An epistle is a letter in verse, usually addressed to a person close to the writer. They are sometimes moral and philosophical, or intimate and sentimental. It was most popular in the 18th century, but has continued to be used by poets. Alexander Pope's "Epistle to Dr. Arbuthnot" is an example of this classic form.

Lord Byron and Robert Browning composed epistles in the 19th century. One of Byron’s is the “Epistle to Augusta,” written to his sister.

But the epistle is an ancient Roman poetic form. You might associate it with the epistles that are commonly found in the Bible, especially the New Testament.

Epistolary poems, from the Latin “epistula” for “letter," are poems that read as letters. They are poems of direct address. They are free verse, without rhyme scheme or line length considerations. They are addressed to real people, imagined people, groups of people and even to things and abstract concepts.

But poets like to break rules.  Elizabeth Bishop’s "Letter to N.Y.," uses rhyming quatrains. It begins:

In your next letter I wish you’d say
where you are going and what you are doing;
how are the plays, and after the plays
what other pleasures you’re pursuing:

taking cabs in the middle of the night,
driving as if to save your soul
where the road goes round and round the park
and the meter glares like a moral owl

In the past two centuries, the epistle is generally less formal and more conversational. An example is “Dear Mr. Fanelli” by Charles Bernstein.

In Hayden Carruth’s “The Afterlife: Letter to Sam Hamill,”  he addresses his epistle to a fellow poet and translator who was a friend to Carruth. Is Sam dead? Can we construct a person from our imagination?

The poem I chose this month as a model is by Jean Nordhaus. When I first read it, I immediately thought of the mail that I still receive at my home for both my mother and father, both of whom have died - my father a long time ago; my mother more recently.

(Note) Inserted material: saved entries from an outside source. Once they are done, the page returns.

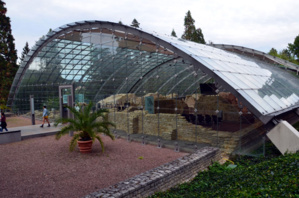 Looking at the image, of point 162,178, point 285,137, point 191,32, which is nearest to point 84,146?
point 162,178

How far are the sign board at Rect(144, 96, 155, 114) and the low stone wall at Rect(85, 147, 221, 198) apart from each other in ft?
15.5

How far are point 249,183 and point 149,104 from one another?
8.20 m

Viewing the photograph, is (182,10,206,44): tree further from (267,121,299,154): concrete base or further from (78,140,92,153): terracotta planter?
(78,140,92,153): terracotta planter

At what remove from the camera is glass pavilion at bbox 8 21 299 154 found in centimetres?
1027

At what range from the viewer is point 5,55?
99.5ft

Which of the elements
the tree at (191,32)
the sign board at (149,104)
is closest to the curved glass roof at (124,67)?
the sign board at (149,104)

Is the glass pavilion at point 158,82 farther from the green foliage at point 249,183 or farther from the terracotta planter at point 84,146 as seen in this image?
the terracotta planter at point 84,146

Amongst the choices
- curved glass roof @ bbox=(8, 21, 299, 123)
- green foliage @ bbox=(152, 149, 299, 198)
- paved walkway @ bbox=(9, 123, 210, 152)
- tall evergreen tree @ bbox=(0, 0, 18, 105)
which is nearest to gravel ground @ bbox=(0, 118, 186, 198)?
paved walkway @ bbox=(9, 123, 210, 152)

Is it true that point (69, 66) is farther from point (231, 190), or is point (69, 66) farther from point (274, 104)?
point (231, 190)

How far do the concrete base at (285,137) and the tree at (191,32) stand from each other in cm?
3326

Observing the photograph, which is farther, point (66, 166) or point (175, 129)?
point (175, 129)

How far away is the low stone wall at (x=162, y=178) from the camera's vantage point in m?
5.62

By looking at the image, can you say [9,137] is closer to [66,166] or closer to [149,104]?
[66,166]

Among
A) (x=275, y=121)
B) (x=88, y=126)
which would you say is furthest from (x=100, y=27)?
(x=275, y=121) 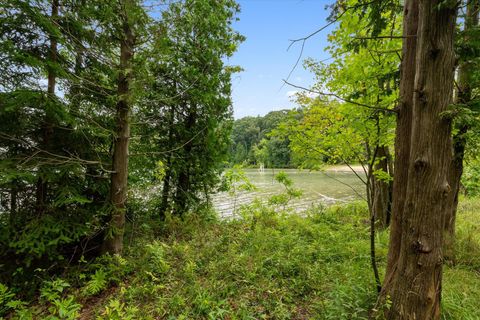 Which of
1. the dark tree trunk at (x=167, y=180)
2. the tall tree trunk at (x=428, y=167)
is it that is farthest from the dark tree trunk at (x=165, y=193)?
the tall tree trunk at (x=428, y=167)

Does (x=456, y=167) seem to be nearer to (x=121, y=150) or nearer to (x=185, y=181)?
(x=185, y=181)

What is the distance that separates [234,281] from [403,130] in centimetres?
245

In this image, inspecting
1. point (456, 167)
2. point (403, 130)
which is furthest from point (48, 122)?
point (456, 167)

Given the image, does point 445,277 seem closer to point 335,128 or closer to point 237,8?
point 335,128

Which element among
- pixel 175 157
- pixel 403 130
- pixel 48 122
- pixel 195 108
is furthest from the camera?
pixel 195 108

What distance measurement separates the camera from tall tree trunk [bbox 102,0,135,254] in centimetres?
316

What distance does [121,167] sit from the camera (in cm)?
326

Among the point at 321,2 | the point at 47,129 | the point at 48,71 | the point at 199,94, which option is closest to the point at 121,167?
the point at 47,129

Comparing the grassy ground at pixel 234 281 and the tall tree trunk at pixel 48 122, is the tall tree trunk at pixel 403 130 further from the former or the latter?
the tall tree trunk at pixel 48 122

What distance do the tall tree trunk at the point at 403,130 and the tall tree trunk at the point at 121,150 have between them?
3.12 metres

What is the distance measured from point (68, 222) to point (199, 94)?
10.2ft

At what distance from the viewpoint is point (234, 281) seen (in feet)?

Her poem, "Posthumous," begins:

Would it surprise you to learn
that years beyond your longest winter
you still get letters from your bank, your old
philanthropies, cold flakes drifting
through the mail-slot with your name?

There are many other epistles old and new to consider as examples, including "The Correspondence-School Instructor Says Goodbye to His Poetry Students" by Galway Kinnell.



Our June writing prompt is to write your epistle.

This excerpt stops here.